There be drugs, gallons of booze, enticing women of many flavors, and a pretty accurate cultural snapshot of San Francisco, Oakland and the central California Coast near Big Sur that still applies in some respects today. There's even alligators, frogsnote , Winchester rifles and singed eyebrows.

It's frank, visceral, and at times incredibly explicit. Moral ambiguity is rife throughout the book, which makes the characters fun and unpredictable.

Throughout the book, the "Historical Accounts" of Private Augustus Mellon are sprinkled liberally, differentiated by italicized text. They have an entertaining parallel to the life of Lee Mellon. Reviewers praise Brautigan's authorship in these passages and say he provides a vividly accurate portrait of the Battle of the Wilderness.
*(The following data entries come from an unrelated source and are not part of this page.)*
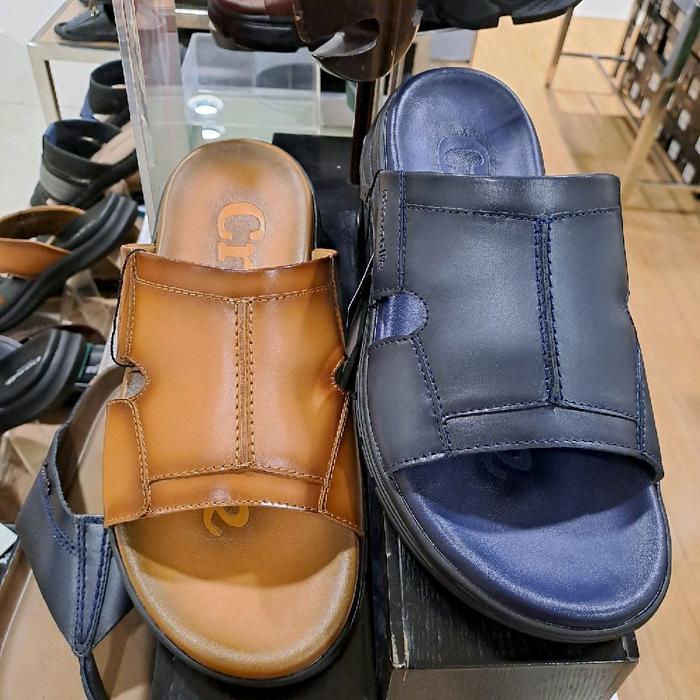 sandal pria kulit crocodile sol karet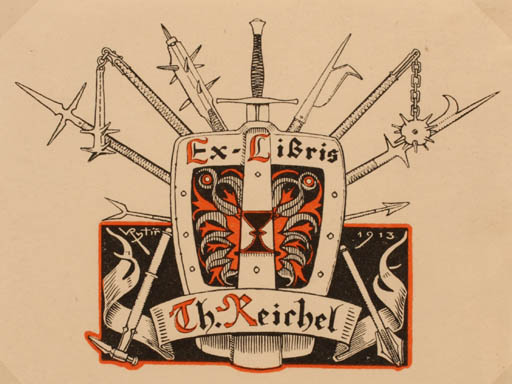 Exlibris by Vaclav Rytir from Czechoslovakia for Th Reichel - Heraldry Weapon 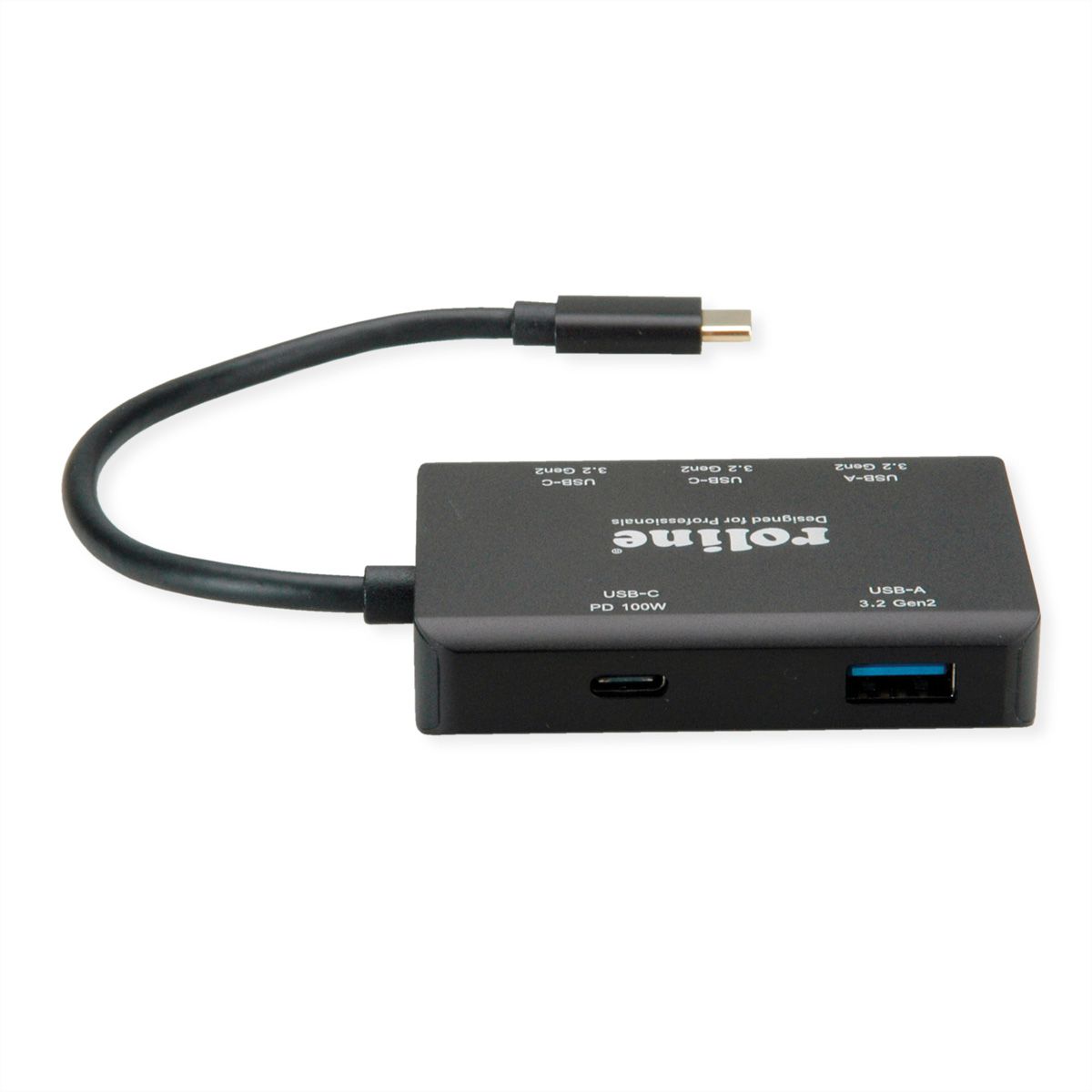 ROLINE USB 3.2 Gen 2 Hub, 4fach (2x USB-A + 2x USB-C), PD, Typ C Anschlusskabel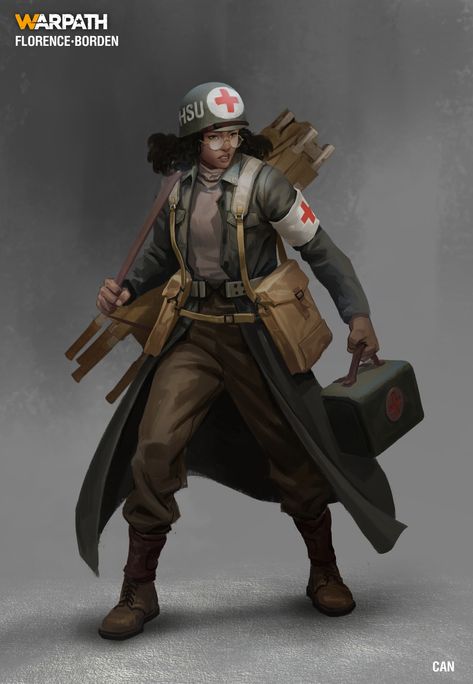 Combat Medic Outfit, Ww2 Character Design, Combat Medic Character Design, Medic Character Design, Apocalypse Writing, Ww2 Medic, Battle Medic, Arcane Oc, 1800s Clothing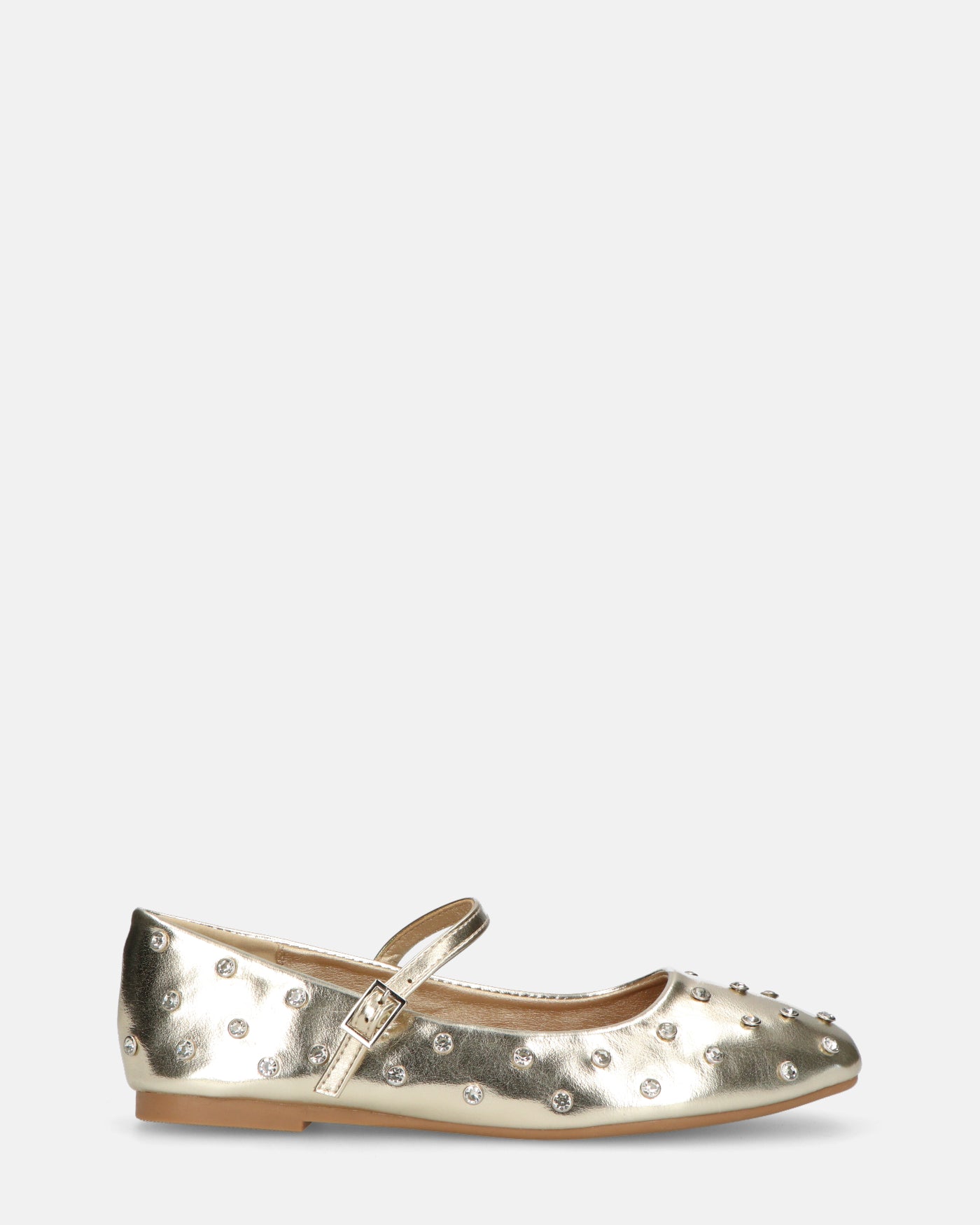 SOFIYA - ballerine in glassy oro con cinturino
Published in 1964, it was apparently a "must read" for the beat generation, and Brautigan's unorthodox writing style treads the line between over-the-top bizarre to unexpectedly beautiful. It's rife with metaphors and filled with hilarious observations. Amusingly, the Times said of the novel "Oh, it flows!"


Tropes:

  • Abandoned Playground: Lee's friend Elizabeth lives in a rustic cabin with her children, but when Lee and Jesse visit nobody's home. Jesse is slightly unnerved by the abandoned playthings in the yard including a game the children had made with dirt, abalone shells and deer antlers: "Perhaps it wasn't a game at all, only the grave of a game." (Elizabeth's all right, though; she turns up later in the story, and presumably the kids are fine.)
  • The Alleged Car: Lee Mellon's pickup truck as described in the book: "If there were pickup trucks made for the Civil War, this would be it." Doesn't have a gas tank and required someone in the bed at all times to siphon gasoline from a drum into the fuel line.
  • All Just a Dream: Thankfully averted as everything takes place when Jesse is conscious (or not).
  • All Gays are Promiscuous/Depraved Homosexual: Sadly reinforced, but it is set in 1957.
  • The American Civil War: Plays a prominent leitmotif in this book, and ties the 19th century conflict with all the antics occurring in their modern lives. Lots of imagery of all types creatively woven in, sights, sounds, smells and tastes.
  • Cloud Cuckoo Lander: Roy Earle is definitely this, in spades. Although he has a (very) brief lapse from his insanity, this former insurance salesman is prone to impulsiveness and paranoia in addition to his absolute detachment from this plane of reality. He's eventually chained to a log by Lee in an attempt to keep him from the rest of the group. Like a Broken Record, he blurts out "I'm the head cheese at the Johnston Wade Insurance Company, of San Jose, California!" Also, after spending an entire afternoon sitting next to the pond, he gets up in absolute horror after realizing that the creatures in the pond were alligators, even after being told so.
  • Ethical Slut: Elizabeth. A Korean War widow, she has a rustic home where she cuts her own firewood, weaves her own cloth and raises vegetables, chickens (for their eggs... she's a vegetarian who "cannot stand to kill a living thing", including rattlesnakes) and four beautiful children, but earns huge amounts of money by transforming herself into a high class call girl specializing in "weird action", two or three times a year. Presumably she invests it.
  • The '50s: Averted. Also barely recognizable as such, but it is San Francisco we're talking about.
  • No Celebrities Were Harmed and Write Who You Know: Lee Mellon is a recognizable portrait of Richard's longtime friend Price Dunn, naturally with a few things exaggerated here and there. Price thought the book was marvelous. The idea that Lee's grandfather was a Confederate general started as a family joke about Price's great-uncle John.
  • Noble Confederate Soldier: Augustus Mellon, in the flashbacks.
  • Real Life Writes the Plot: Among many other things, the four-hundred-dollar motorcycle, Richard counting the punctuation marks in Ecclesiastes, the tiny but deafening frogs and even the baby alligators brought to eat them all came from Richard and Price's real experiences living in a lodge at Big Sur. Roy Earle was real, too.
  • Southern-Fried Genius: Lee Mellon, despite all his bizarre antics is very quick on his feet, a grand schemer and an excellent improvisational master.
  • Unreliable Narrator: Jesse is surprisingly accurate as a narrator, but when he gets high the details get sketchy.